Flowserve is an Irving, Texas, provider of fluid motion and control products and services.

Huntsman closes

Huntsman International LLC closed on its new $2.375 billion senior credit facility (Ba3/BB-) consisting of a $650 million five-year revolver with an interest rate of Libor plus 175 basis points, a $1.725 billion seven-year term loan B with an interest rate of Libor plus 175 basis points and a €100 million term loan B with an interest rate of Libor plus 200 basis points.

During syndication, pricing on the U.S. term loan B came was reverse flexed from Libor plus 200 basis points, the revolver was upsized from $600 million and the euro term loan B was downsized from €150 million.

Deutsche and Citigroup acted as the lead banks on the Salt Lake City-based chemical company's deal, with Deutsche the left lead.

Proceeds were used to help fund the merger of Huntsman LLC and Huntsman International LLC, two subsidiaries of Huntsman Corp., into one entity with Huntsman International being the surviving entity.

The purpose of the merger is to simplify Huntsman's financing and SEC reporting structure, facilitate cost reductions for Huntsman's bank credit facilities and other financing arrangements, and for other organizational efficiencies.

As part of this merger, the existing bank debt at both Huntsman LLC and Huntsman International was retired using proceeds from this new deal. As of March 31, Huntsman International had a $375 million revolver that was undrawn and $1.178 billion of term loan B debt outstanding, as well as a €45.1 million term loan. Huntsman LLC had about $715 million of term loan B debt outstanding as of March 31 and about $61.3 million drawn under its $350 million revolver.

La Paloma closes

La Paloma Generating Co. LLC closed on its new $525 million first- and second-lien senior secured credit facility, according to a news release.

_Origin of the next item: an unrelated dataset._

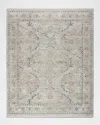 Nourison Lynx Light Blue Power-loomed Rug, 9' X 12'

The first-lien institutional debt (Ba3/BB-), which includes a pre-funded letter-of-credit facility and a term loan B, are priced with an interest rate of Libor plus 175 basis points and contain soft call protection for one year. Pricing on these first-lien tranches was reverse flexed from Libor plus 225 basis points with the addition of the soft call during syndication.

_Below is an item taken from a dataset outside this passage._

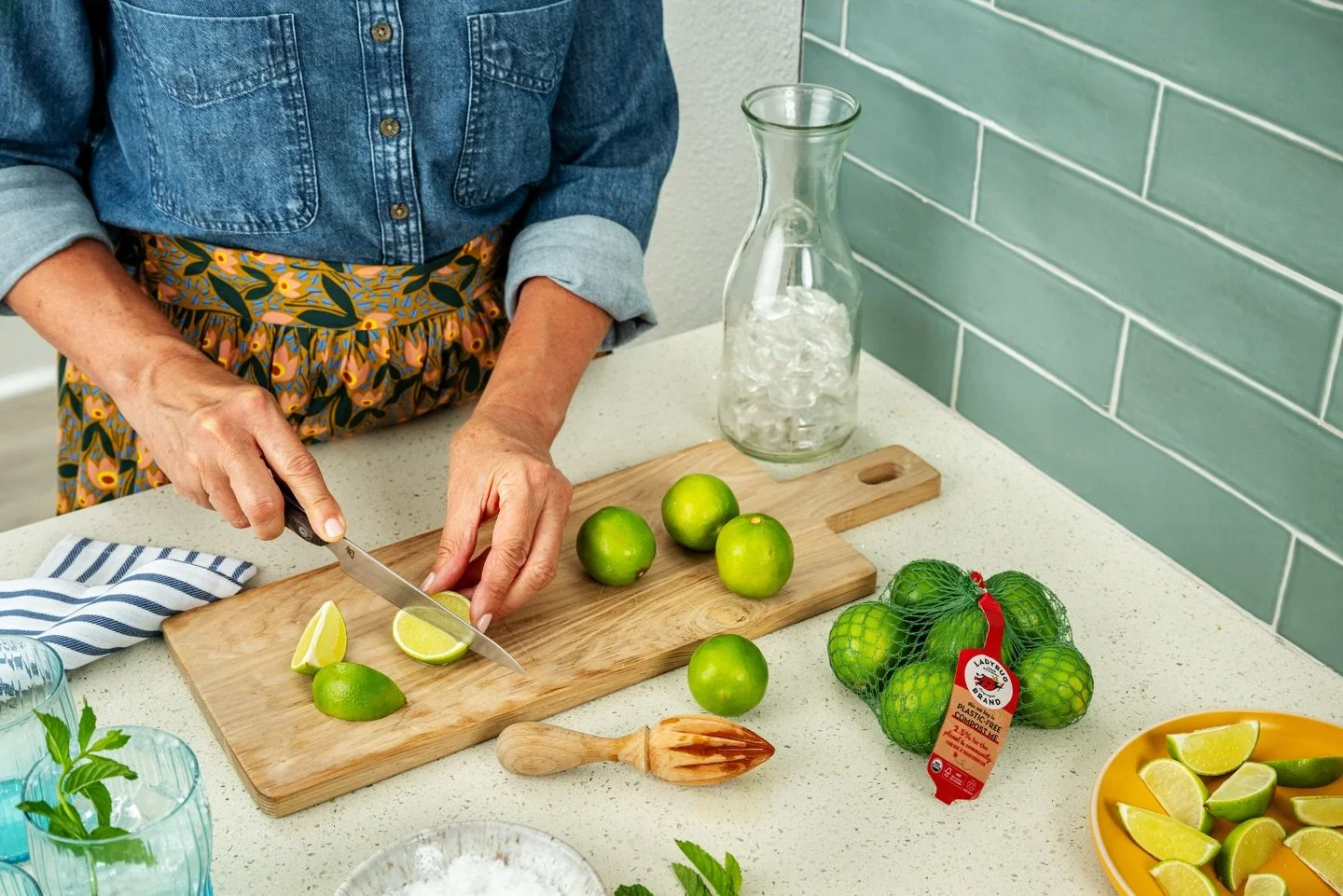 Squeeze in the New Year.​
Bring the tart, fragrant kick your celebratory cocktails, mocktails and midnight snacks are craving. Bright, zippy and endlessly useful&hellip;this is the kind of fresh energy we&rsquo;re bringing into the New Year.​
​
Pick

The first-lien revolver (Ba3/BB-) is priced with an interest rate of Libor plus 225 basis points.

And, the second-lien term loan (B2/B) is priced with an interest rate of Libor plus 350 basis points and contains call protection of 102 in year one and 101 in year two. Pricing on this tranche was reverse flexed from Libor plus 400 basis points during syndication.

Morgan Stanley and WestLB served as joint lead arrangers, bookrunners and co-syndication agents on the deal.

Proceeds were used to help fund Complete Energy Holdings LLC's acquisition of La Paloma, a gas-fired, four-unit combined-cycle facility located in Kern County, Calif., for $580 million.